The to-big-to-fail have been given the time and money to shore up their balance sheet, de-leverage debt, and move away from over leveraged positions and interlocking swaps using derivatives. Also they have been forgiven on capital requirements reporting. I think the situation has improved, but not to the point where they can remain solvent if defaults remain high. I also think that many of the banks are unable to really price in, accomodate effectively, interlocking systemic leverage and fellow banks true financial position. Unfortunately, with the magnitude of leverage used, a miscalculation of 1% or 2% could put a firm in jeopardy.
How are they doing financially? Well without the ability to get the true financial position through quarterly reports, it is really hard to know.
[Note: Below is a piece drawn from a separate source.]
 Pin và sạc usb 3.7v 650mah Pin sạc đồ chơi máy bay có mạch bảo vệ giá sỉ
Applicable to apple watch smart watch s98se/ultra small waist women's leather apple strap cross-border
But, I am expecting some problems in Q2 from the following:
Citi
BAC
JPM
Wells
Each one has different unique sets of problems. Even after all of the gyrations I still think Citi is #1 in trouble.
Mark Beck
Here is a datapoint form the NYTs
I'd say a 35% month over month increase is news considering Jan and Feb are slow months and they were up 18% over last year. It's not out of the realm of possibility that we take out the high of 2 Million set in 2005 which all came before Oct when the new laws went into effect if we have a bad second half and the unemployment rate stays elevated at whichever level you monitor it at. A lot of assets are getting vaporized, not declining in value, just going poof. That's a number worth keeping an eye on.
"And I would've gotten away with it too, if it weren't for you meddling kids!"
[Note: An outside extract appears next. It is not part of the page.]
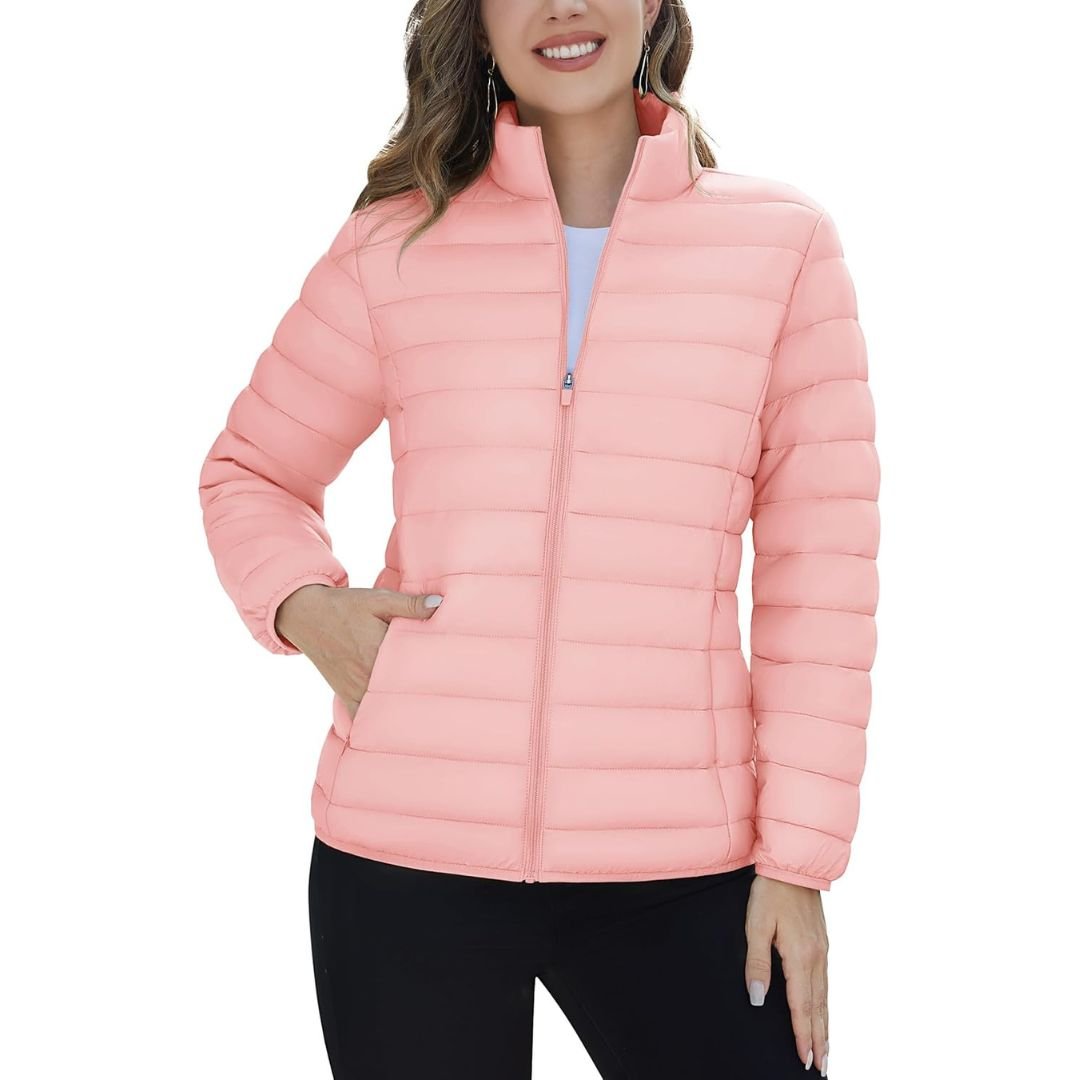 Women's lightweight quilted puffer jacket windproof stand collar warm coat with pockets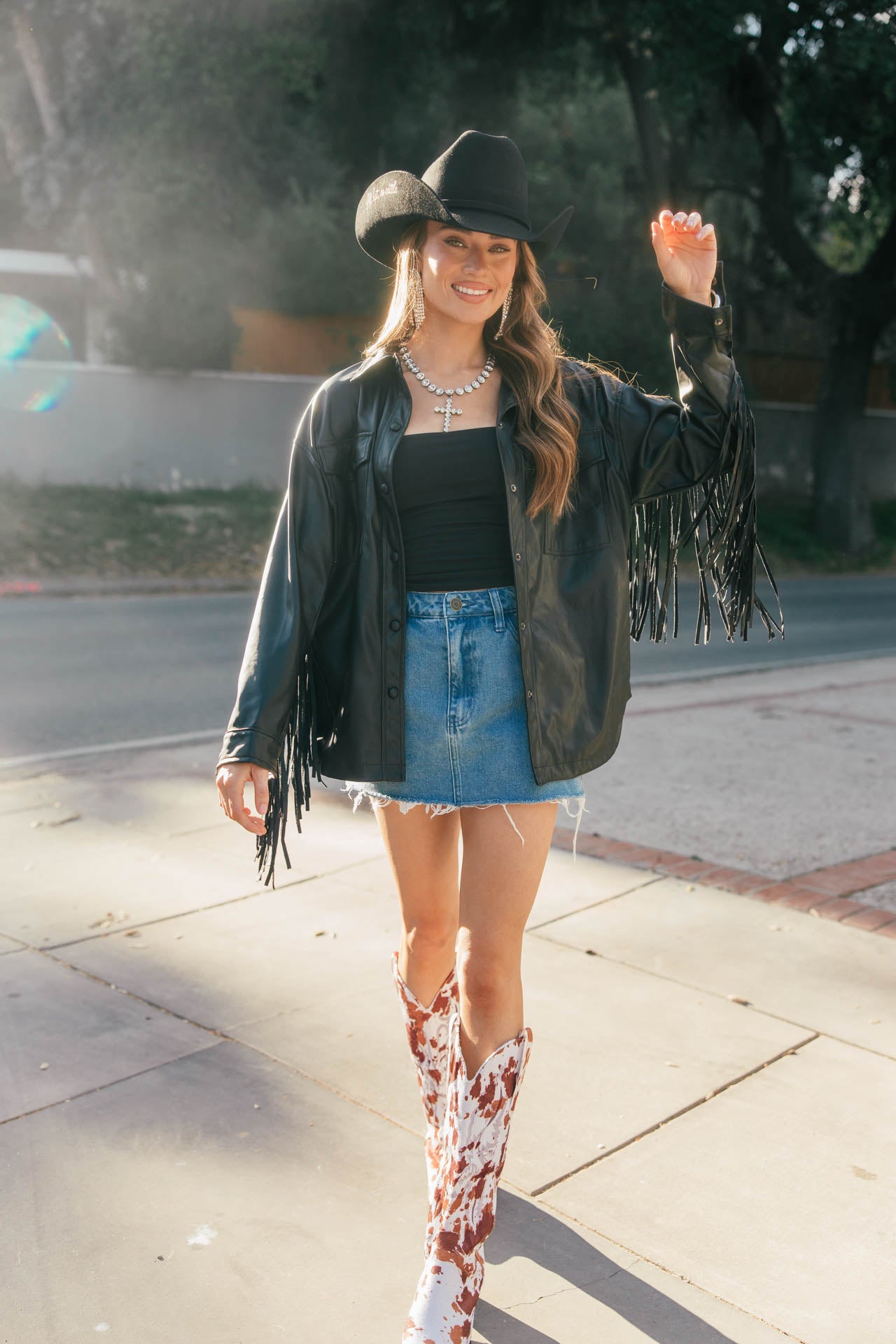 NEW!! Phoenix Faux Leather Fringe Jacket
regarding jpm vs. everyone: isn't the outstripping by 21 trillion (not billion)?
Reggie,
Do you think there will be any repercussions to the large banks as a result of the Fed's valuation estimates for the Bear Stearns/AIG toxic assets? It seems to me that the big banks just lost their defense for keeping toxic assets in off-balance-sheet SIVs. If the Fed can determine a market value for toxic assets then the big banks must be able to value their toxic assets as well, right?
The Fed's release of this information yesterday afternoon was odd to say the least. I sense that there will indeed be some nasty surprises in the Q1 earnings reports from the large banks. I would like to see if the implied volatility numbers spike when the markets open on Monday.
Buy adult diapers
Prices = confidence
It is clear that prices contain more "confidence" than they did just a few months ago. The real question is;" Has anything changed in terms of structural fundamentals about economic structures such as taxation and legal largesse?" The answer is yes, and for the worse in terms of further efficiencies and competitiveness.
However, are stock prices not mostly about confidence anyway ?
Indeed , confidence has a price.
And like "self satisfaction" has a non-numerical value as well.
It is all a matter of "Which story do YOU have CONFIDENCE in ?"
Yes, you get to vote....with YOUR money.